Written by Kar-Yen Leong.
Image Credit: 廢死聯盟 by Shih-Shiuan Kao/ Flickr, license: CC BY-SA 2.0.
In an article by Franklin Zimring and David Johnson, we are reminded of the importance of studying the death penalty in Asia as it is the site of “…at least 85 per cent and as many as 95 per cent of the world’s execution.” The authors add that the region is a key battleground as to whether this practice will continue or become a remnant of a less civilised past.
This struggle is no more intense than in East and Southeast Asian states, where the death penalty is not only an indelible part of only their legal systems but also their very societies. The decision to retain or abolish the death penalty has become a matter of intense soul-searching among states such as Taiwan, South Korea, Singapore, and Malaysia, navigating landscapes replete with ghosts of colonial and authoritarian pasts. For these countries, the state’s power over life and death is a direct extension of its sovereignty. Giving up this power is to lose that sovereignty, but it also means the loss of a weapon of last resort forged to keep the forces of chaos at bay.
Power over life and death
Institutionalised and bureaucratised punishment is the most harmful form of state power, none more so than capital punishment. It is that one singular punishment which leaves no room for redemption, forgiveness, or compensation. It might not even be seen as a punishment but more of an organised form of violence designed to preemptively strike down any possibility of criminal or aberrant behaviour. While it purports to punish individuals, the death penalty carries an onerous message, warning would-be criminals of the ultimate price to be paid should they overstep boundaries.
Abolished in most countries in the west, it continues to be enforced in states with legitimacy based on an argument that this practice reflects the people’s will. The death penalty creates a dyadic relationship, binding the state to its citizens, thus enabling the former to maintain a façade of moral purity, serving merely as a tool of the latter. Thus, in diminishing these boundaries, the state is further strengthened to kill in the name of the people and increase its level of governmentality in all aspects of their lives. To that extent, the state and, by extension, capital punishment have become ‘embedded’ in the fabric of society.

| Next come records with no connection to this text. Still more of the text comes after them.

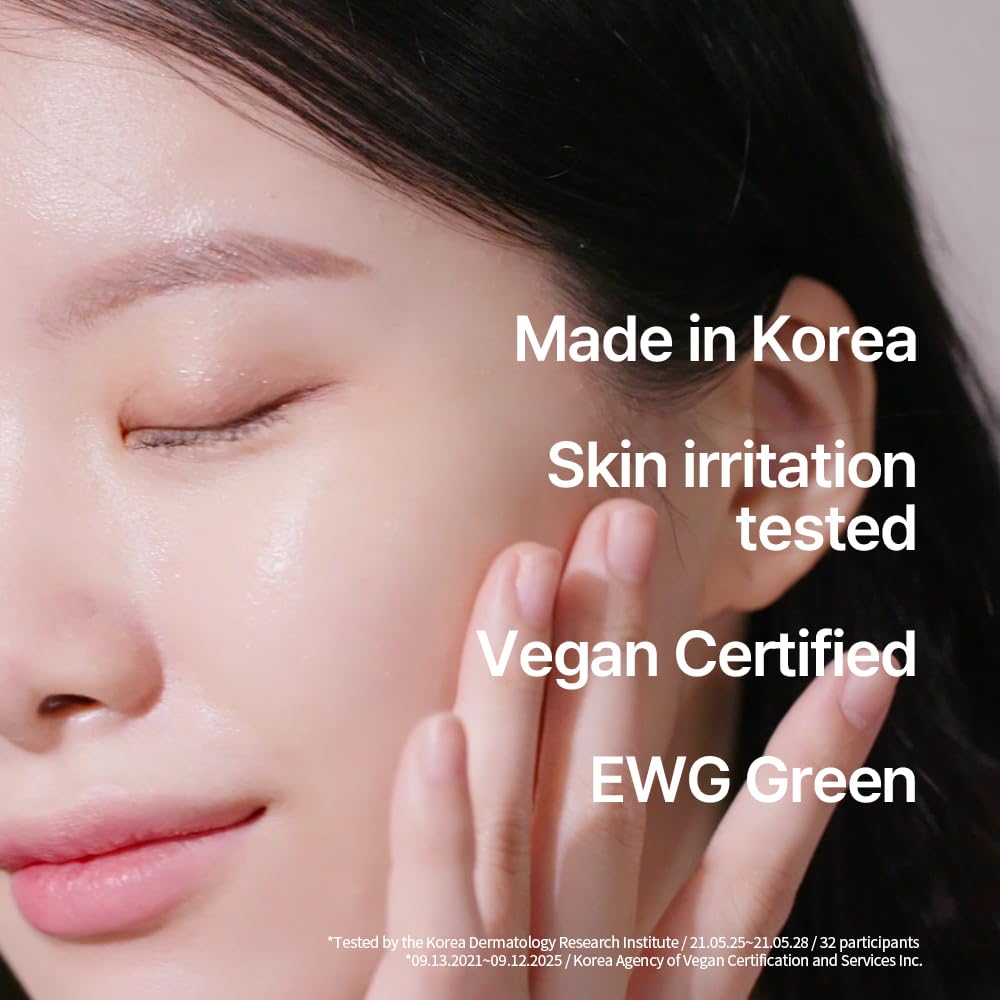Pyunkang Yul pad displayed beside moisturizer to show layering in routine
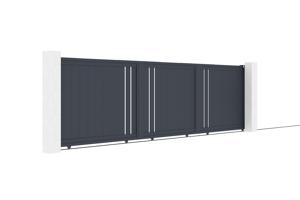 Skjutgrind 5m GIONA H.140 grå aluminium 3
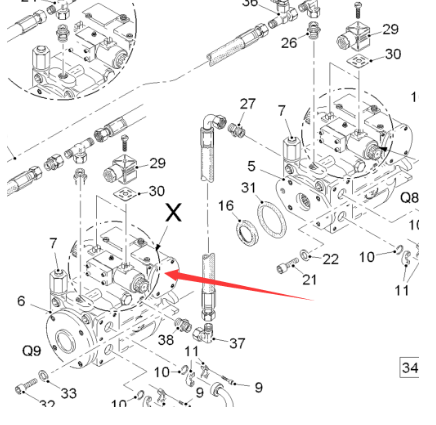  road milling machine slurry drive pump part number 138897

While it is certainly the case that the death penalty is a necessity for some states to showcase their strength, we cannot ignore the allure that capital punishment holds for the greater population. Punishment and specifically the death penalty in the past were spectacles in which the public could engage. Placing the heads of kings underneath the guillotine’s blade, burning heretics at the stake or standing alongside Black bodies hanging on trees reflects that deep-seated human desire for violence and revenge. But as societies inched towards ‘civilisation’, the propensity to stomach these exhibitions of the ‘people’s’ will decreased. As such, executions became sanitised, the wilful taking of life, humanised. State killings as a public spectacle receded into the hidden spaces of death rows and execution chambers. Nevertheless, society’s desire for retribution still needed to be sated from time to time, leaving bureaucracy and the law with a greater role in fulfilling society’s need for vengeance.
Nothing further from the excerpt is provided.